» **Your goal**:
An exact copy of the data is required. No picture may appear in it.

» **Source data**:

....

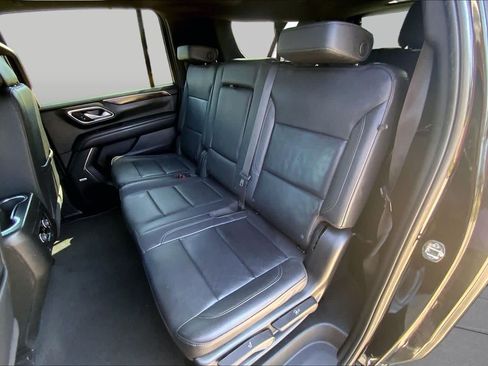 Used 2023 Chevrolet Suburban LT RWD image 20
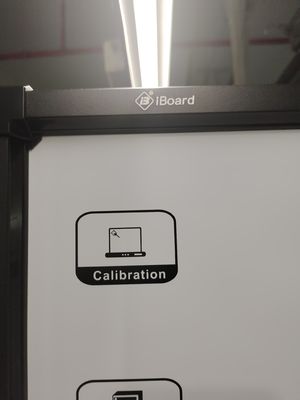19 años de fábrica al por mayor, amplio ángulo de visión, almacenamiento de humedad, pizarra interactiva IWB, efecto de visualización sobresaliente, pizarra electrónica interactiva, tecnología infrarroja IR de diez puntos táctiles
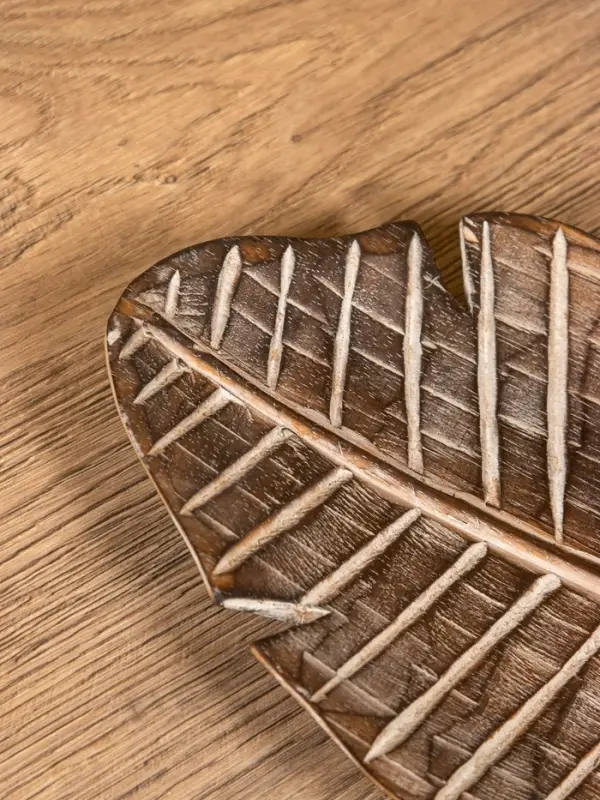 Набор блюд Набор блюд "Листья тропические" дерево, L - 60.50 и 40 см, цв. коричневый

....

» **Response for this exercise**:
 Used 2023 Chevrolet Suburban LT RWD image 20
19 años de fábrica al por mayor, amplio ángulo de visión, almacenamiento de humedad, pizarra interactiva IWB, efecto de visualización sobresaliente, pizarra electrónica interactiva, tecnología infrarroja IR de diez puntos táctiles
 Набор блюд Набор блюд "Листья тропические" дерево, L - 60.50 и 40 см, цв. коричневый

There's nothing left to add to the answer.